Exercise brief | Among the entries that follow, locate the line with "Šaty s obálkou dole tmavě růžové" and the line with "Hektor -Premium-Bonded- Hidden". Output those lines and all lines in between, exactly, minus the pictures.

━━━━━ Supplied entries

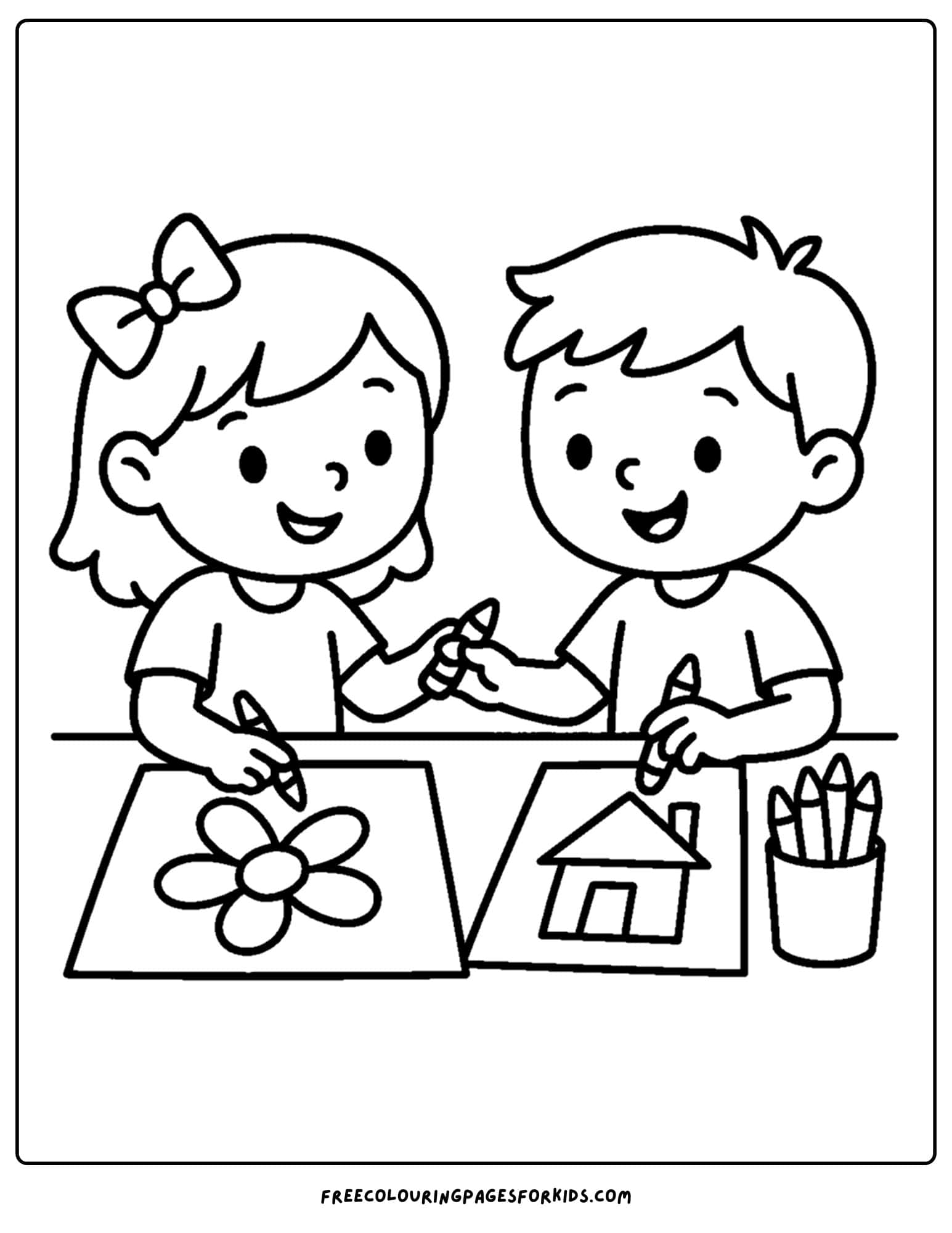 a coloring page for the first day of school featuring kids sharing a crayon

━━━━━━━━━━
━━━━━ Supplied entries

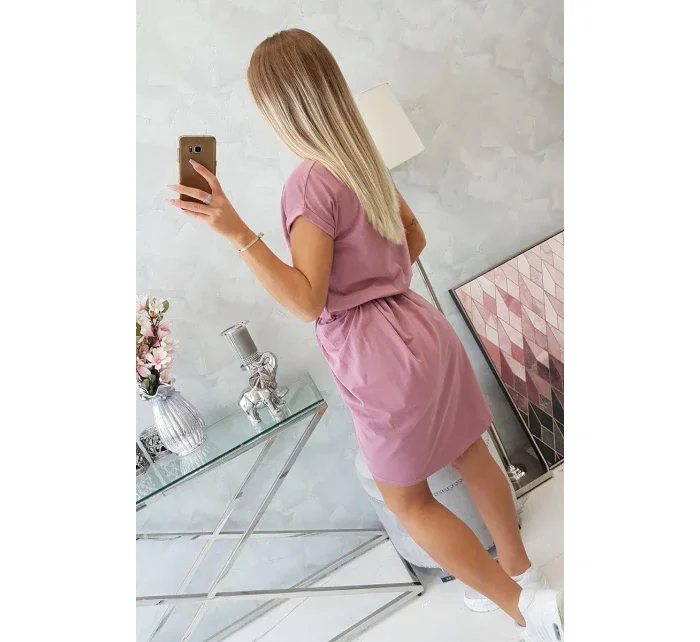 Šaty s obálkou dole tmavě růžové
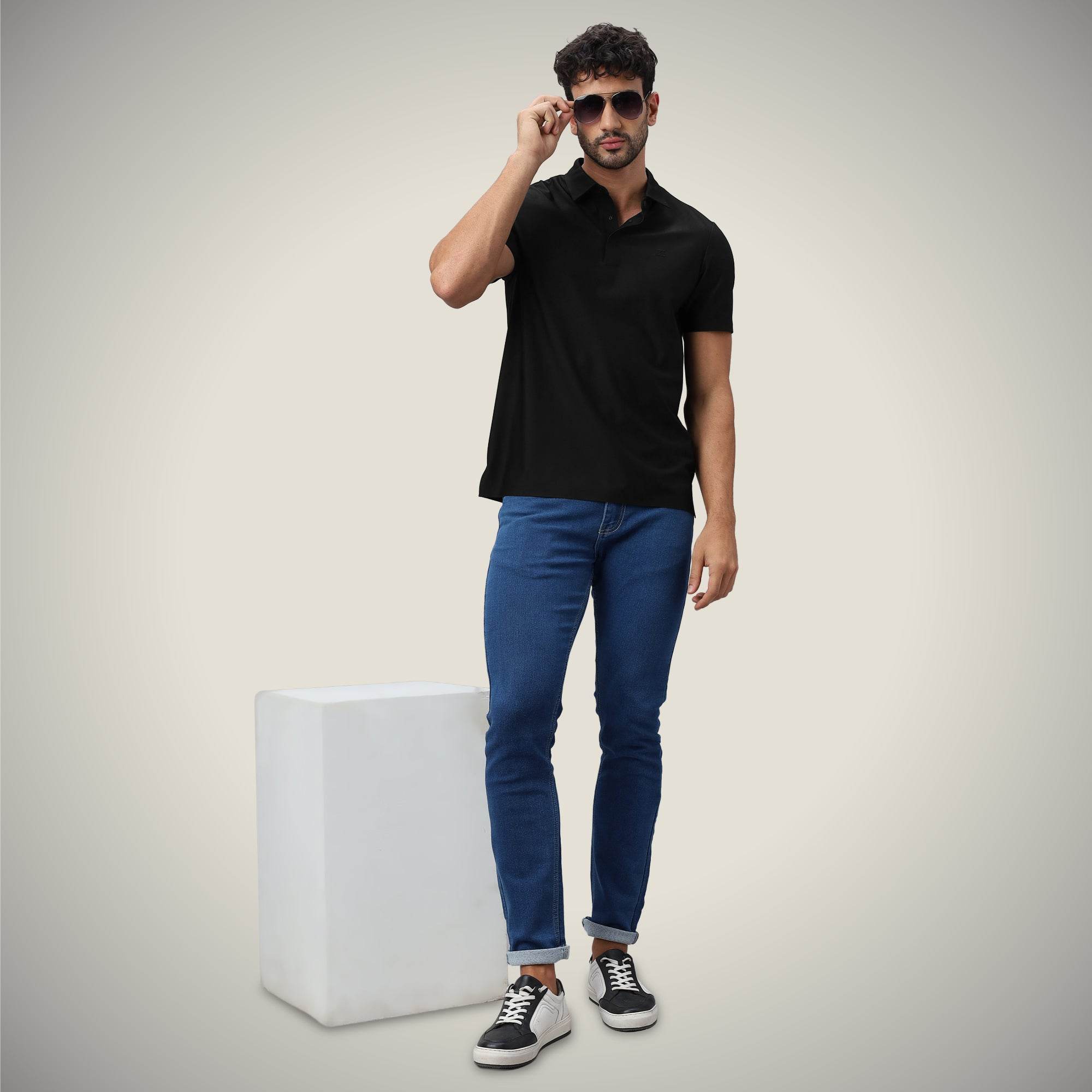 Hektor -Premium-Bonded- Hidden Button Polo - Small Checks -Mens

━━━━━━━━━━
━━━━━ Supplied entries

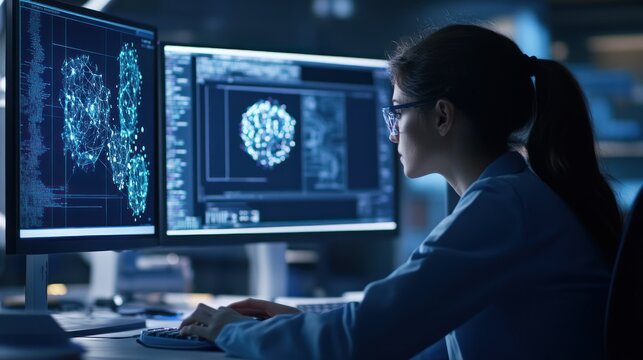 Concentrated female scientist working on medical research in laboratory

━━━━━━━━━━

Answer to this task |
 Šaty s obálkou dole tmavě růžové
 Hektor -Premium-Bonded- Hidden Button Polo - Small Checks -Mens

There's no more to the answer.